Back in April 2024, Jason Zimdars from 37signals published a post about modern CSS patterns in Campfire. He explained how their team builds sophisticated web applications using nothing but vanilla CSS. No Sass. No PostCSS. No build tools.
The post stuck with me. Over the past year and a half, 37signals has released two more products (Writebook and Fizzy) built on the same nobuild philosophy. I wanted to know if these patterns held up. Had they evolved?
I cracked open the source code for Campfire, Writebook, and Fizzy and traced the evolution of their CSS architecture. What started as curiosity became genuine surprise. These are not just consistent patterns. They are improving patterns. Each release builds on the last, adopting progressively more modern CSS features while maintaining the same nobuild philosophy.
These are not hobby projects. Campfire is a real-time chat application. Writebook is a publishing platform. Fizzy is a full-featured project management tool with kanban boards, drag-and-drop, and complex state management. Combined, they represent nearly 14,000 lines of CSS across 105 files.
Not a single line touches a build tool.
The Tailwind Question
Let me be clear: there is nothing wrong with Tailwind. It is a fantastic tool that helps developers ship products faster. The utility-first approach is pragmatic, especially for teams that struggle with CSS architecture decisions.
But somewhere along the way, utility-first became the only answer. CSS has evolved dramatically. The language that once required preprocessors for variables and nesting now has:
- Native custom properties (variables)
- Native nesting
- Container queries
- The
:has()selector (finally, a parent selector) - CSS Layers for managing specificity
color-mix()for dynamic color manipulationclamp(),min(),max()for responsive sizing without media queries
37signals looked at this landscape and made a bet: modern CSS is powerful enough. No build step required.
Three products later, that bet is paying off.
The Architecture: Embarrassingly Simple
Open any of these three codebases and you find the same flat structure:
app/assets/stylesheets/
├── _reset.css
├── base.css
├── colors.css
├── utilities.css
├── buttons.css
├── inputs.css
├── [component].css
└── ...
That is it. No subdirectories. No partials. No complex import trees. One file per concept, named exactly what it does.

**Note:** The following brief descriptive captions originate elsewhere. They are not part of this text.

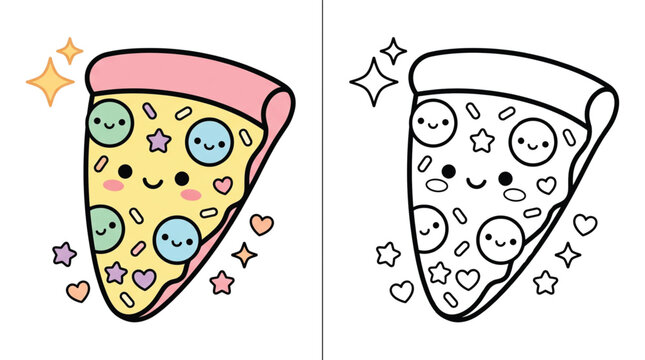 Cute kawaii pizza slice cartoon character, educational split-screen coloring page in color and outline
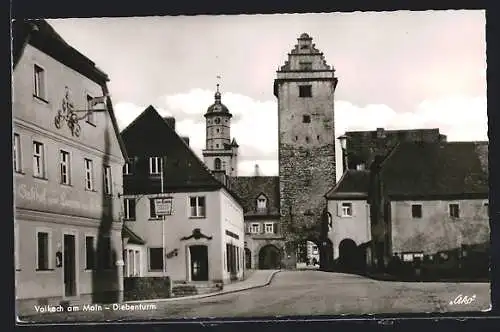 AK Volkach a. Main, Diebenturm und Gasthof zum Lamm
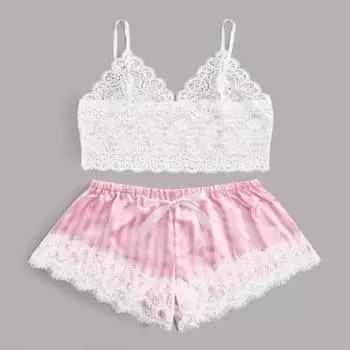 Новый комплект из двух предметов домашней одежды из искусственного шелка черного цвета, модный и удобный кружевной пижамный комплект M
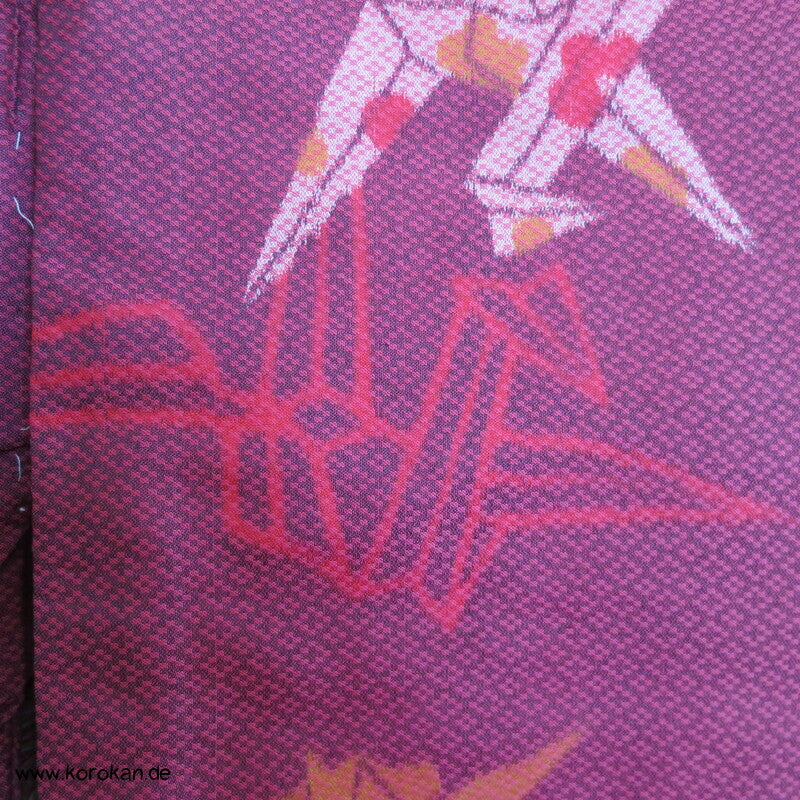 Kett Kasuri Origami Kraniche Komon Kimono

The Rails asset pipeline (Propshaft, not Sprockets) concatenates these alphabetically. The underscore prefix on _reset.css ensures it loads first. In development, you edit CSS and refresh. Changes appear instantly. In production, Rails fingerprints and minifies automatically.
Zero configuration. Zero build time. Zero waiting.
I would love to see something like this ship with new Rails applications. A simple starting structure with _reset.css, base.css, colors.css, and utilities.css already in place. I suspect many developers reach for Tailwind not because they prefer utility classes, but because vanilla CSS offers no starting point. No buckets. No conventions. Maybe CSS needs its own omakase.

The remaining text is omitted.